Instructions for the task> In the entries below, find the line with "RB2195 Thalia Sunglasses" and the line with "Neobyčajné veci, ktoré", then retype both and everything between them exactly. Do not copy the pictures.

*** Dataset records ***

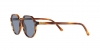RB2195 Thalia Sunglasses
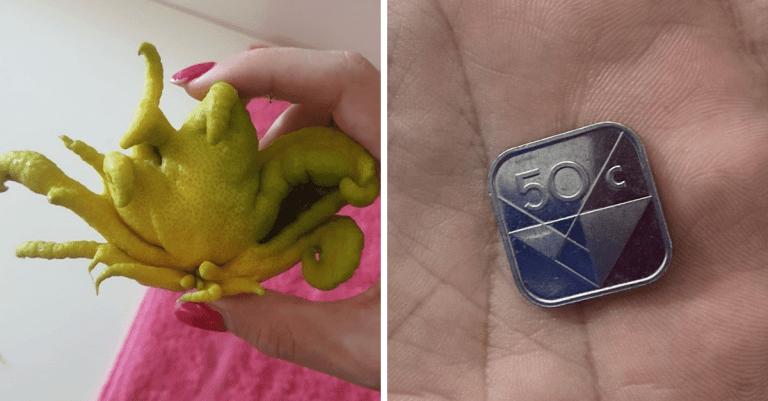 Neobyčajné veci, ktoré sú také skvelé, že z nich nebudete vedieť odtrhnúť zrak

*** End of Dataset records ***
*** Dataset records ***

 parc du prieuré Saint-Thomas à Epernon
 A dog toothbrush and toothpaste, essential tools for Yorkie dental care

*** End of Dataset records ***
*** Dataset records ***

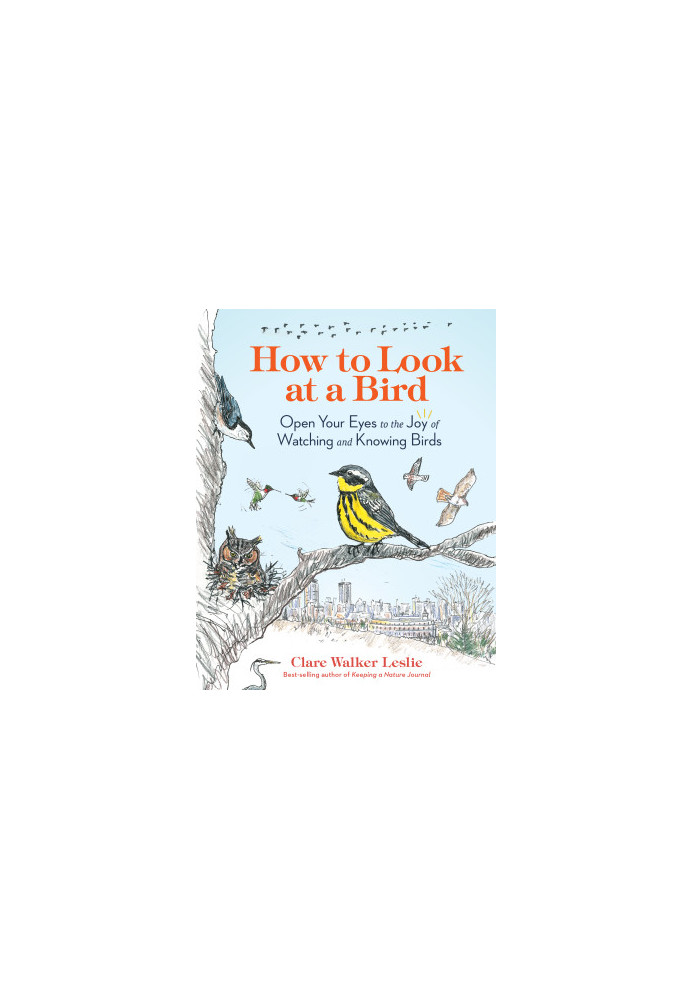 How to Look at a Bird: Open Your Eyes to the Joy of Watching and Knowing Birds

*** End of Dataset records ***

Exercise response>
RB2195 Thalia Sunglasses
 Neobyčajné veci, ktoré sú také skvelé, že z nich nebudete vedieť odtrhnúť zrak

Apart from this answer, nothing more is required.